### DESCRIPTION OF THE TASK
Output all of the lines below exactly, and leave out each image.

(Stored data)
━━━━━━

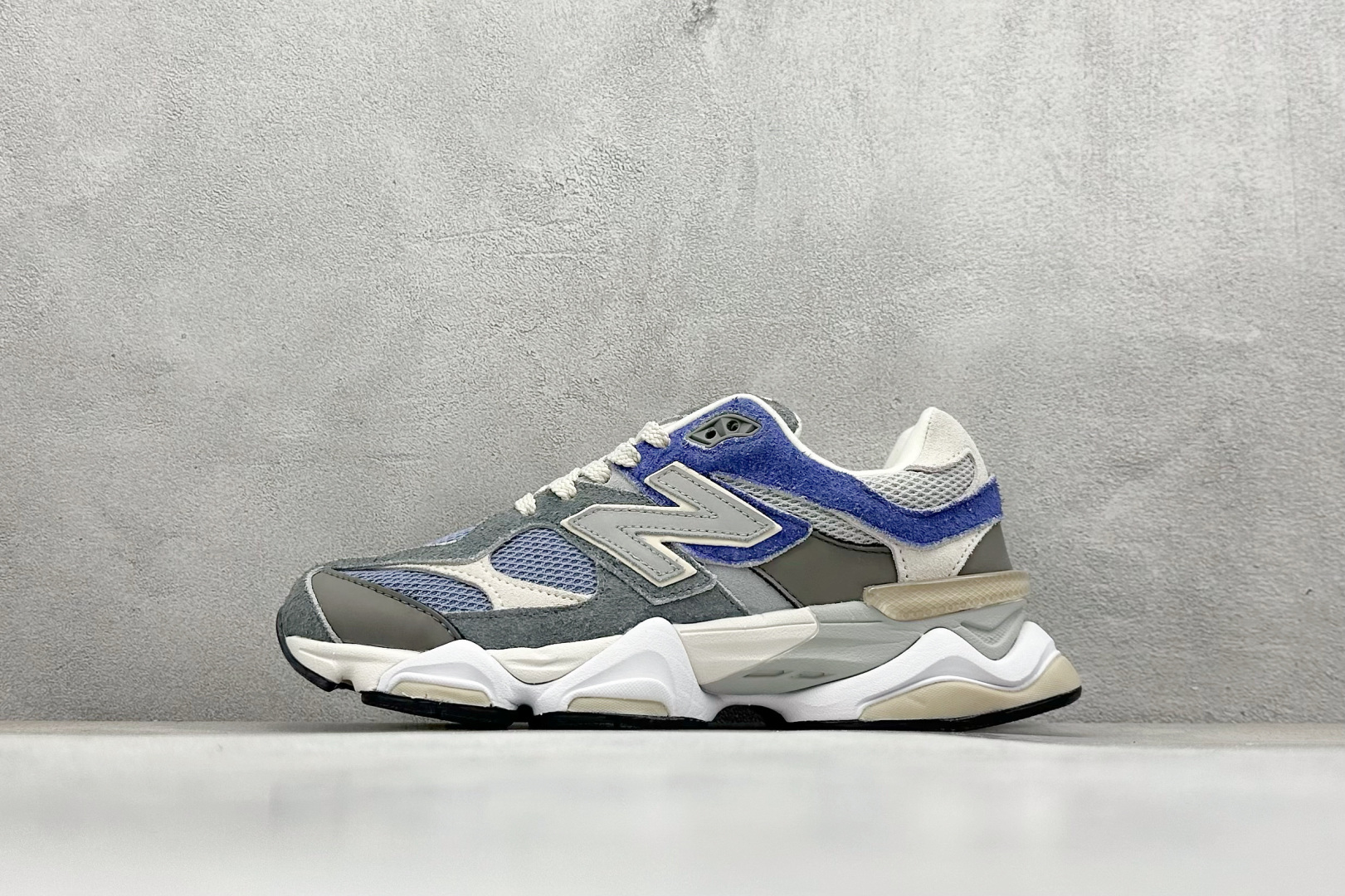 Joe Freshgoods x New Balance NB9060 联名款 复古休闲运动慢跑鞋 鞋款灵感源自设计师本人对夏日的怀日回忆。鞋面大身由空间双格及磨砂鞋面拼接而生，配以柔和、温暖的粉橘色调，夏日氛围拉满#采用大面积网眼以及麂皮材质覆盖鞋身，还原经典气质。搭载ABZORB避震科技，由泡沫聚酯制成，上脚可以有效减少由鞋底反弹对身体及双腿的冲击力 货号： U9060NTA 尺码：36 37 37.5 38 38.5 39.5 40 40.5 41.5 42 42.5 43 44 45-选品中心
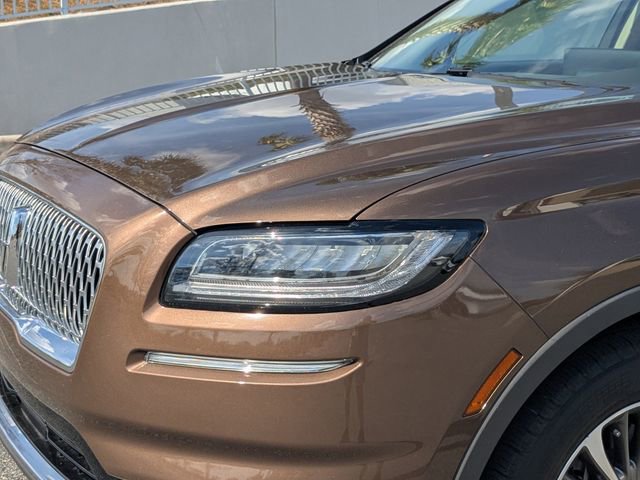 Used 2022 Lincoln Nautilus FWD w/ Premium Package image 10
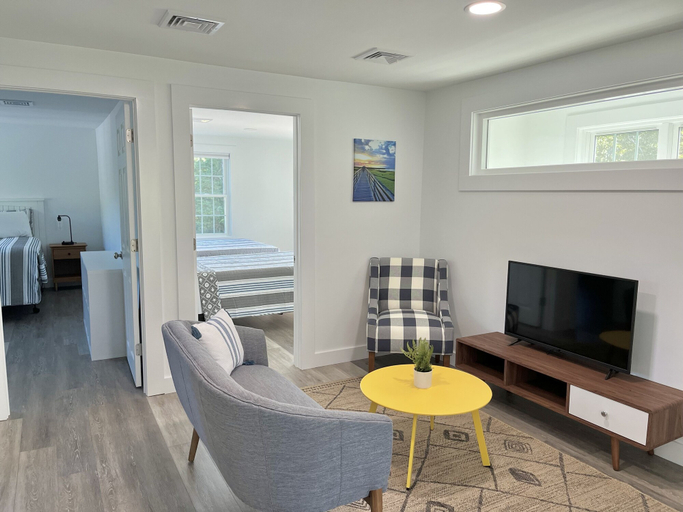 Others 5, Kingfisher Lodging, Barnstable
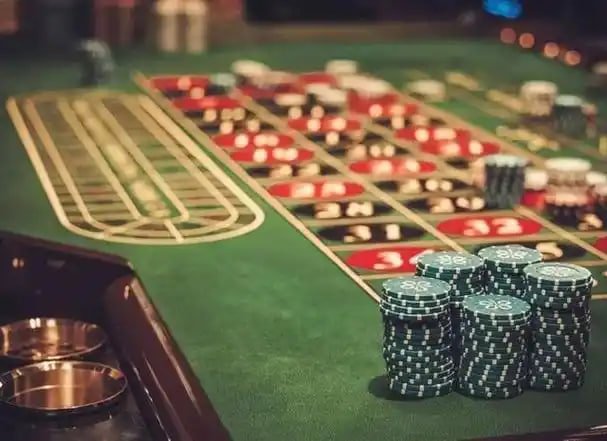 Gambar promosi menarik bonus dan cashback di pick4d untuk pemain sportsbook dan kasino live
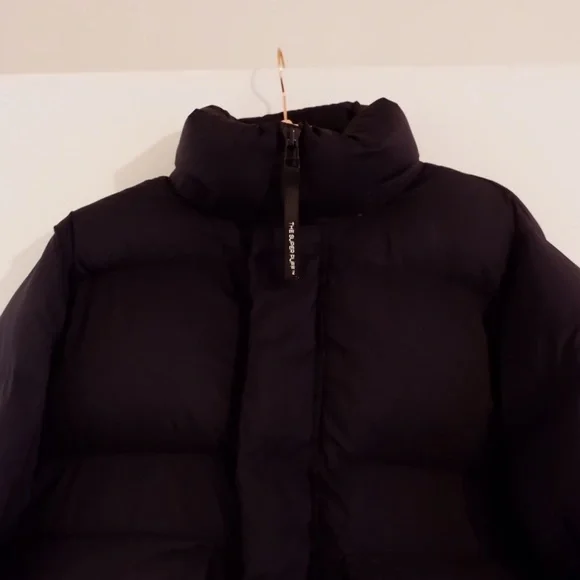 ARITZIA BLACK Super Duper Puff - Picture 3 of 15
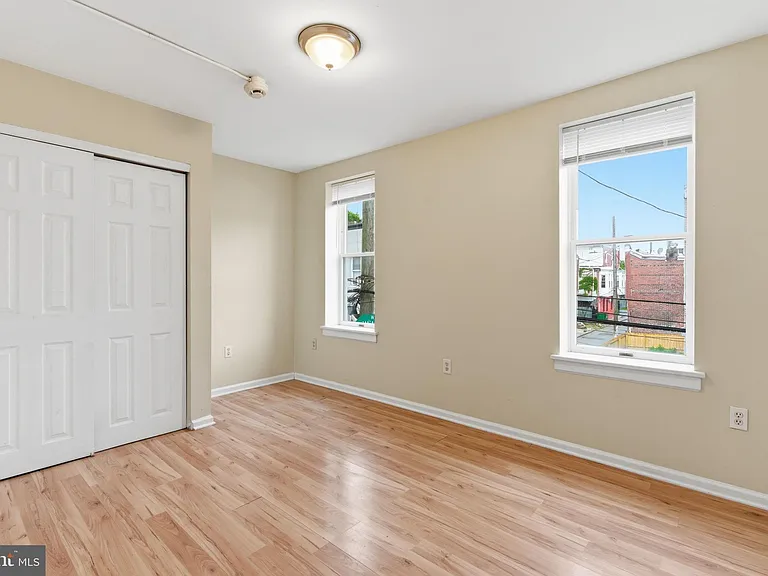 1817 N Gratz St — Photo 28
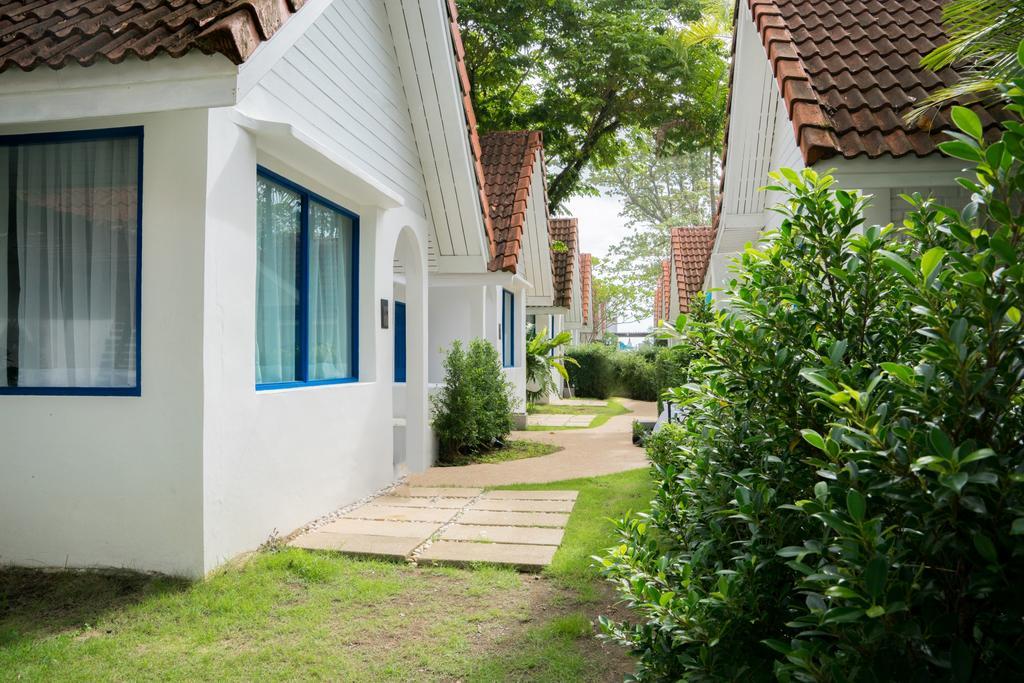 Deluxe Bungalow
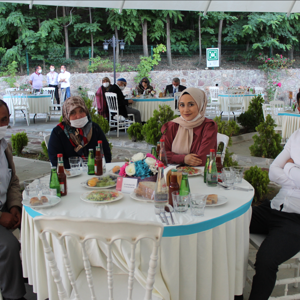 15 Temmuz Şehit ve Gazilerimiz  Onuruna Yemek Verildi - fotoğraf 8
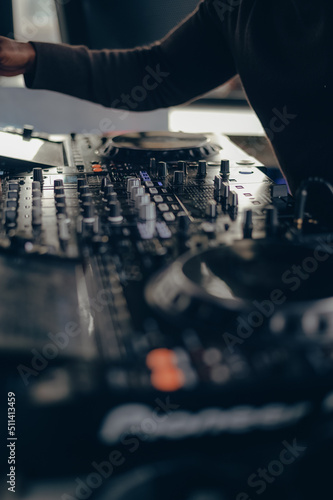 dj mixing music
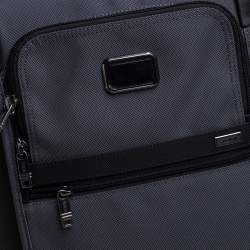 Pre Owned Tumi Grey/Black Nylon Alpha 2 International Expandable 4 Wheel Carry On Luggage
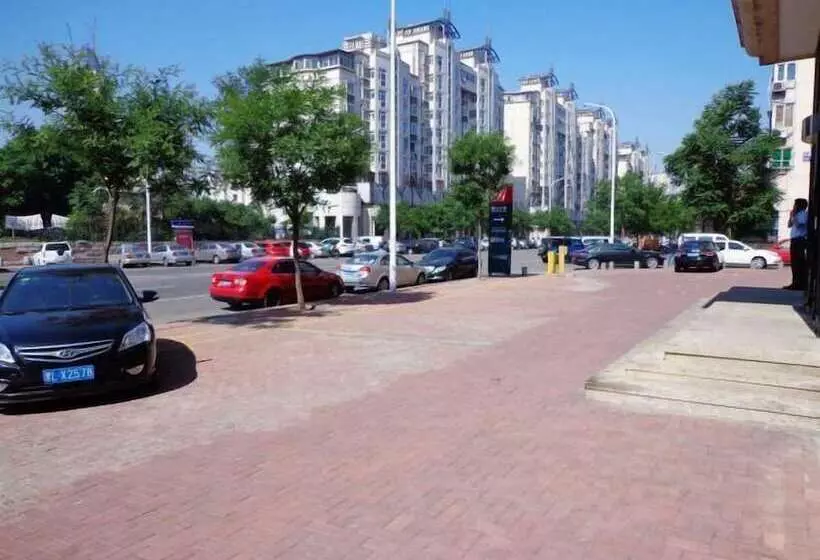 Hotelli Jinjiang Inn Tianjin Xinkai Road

━━━━━━

### OUTPUT
 Joe Freshgoods x New Balance NB9060 联名款 复古休闲运动慢跑鞋 鞋款灵感源自设计师本人对夏日的怀日回忆。鞋面大身由空间双格及磨砂鞋面拼接而生，配以柔和、温暖的粉橘色调，夏日氛围拉满#采用大面积网眼以及麂皮材质覆盖鞋身，还原经典气质。搭载ABZORB避震科技，由泡沫聚酯制成，上脚可以有效减少由鞋底反弹对身体及双腿的冲击力 货号： U9060NTA 尺码：36 37 37.5 38 38.5 39.5 40 40.5 41.5 42 42.5 43 44 45-选品中心
 Used 2022 Lincoln Nautilus FWD w/ Premium Package image 10
 Others 5, Kingfisher Lodging, Barnstable
 Gambar promosi menarik bonus dan cashback di pick4d untuk pemain sportsbook dan kasino live
 ARITZIA BLACK Super Duper Puff - Picture 3 of 15
 1817 N Gratz St — Photo 28
 Deluxe Bungalow
 15 Temmuz Şehit ve Gazilerimiz  Onuruna Yemek Verildi - fotoğraf 8
 dj mixing music
 Pre Owned Tumi Grey/Black Nylon Alpha 2 International Expandable 4 Wheel Carry On Luggage
 Hotelli Jinjiang Inn Tianjin Xinkai Road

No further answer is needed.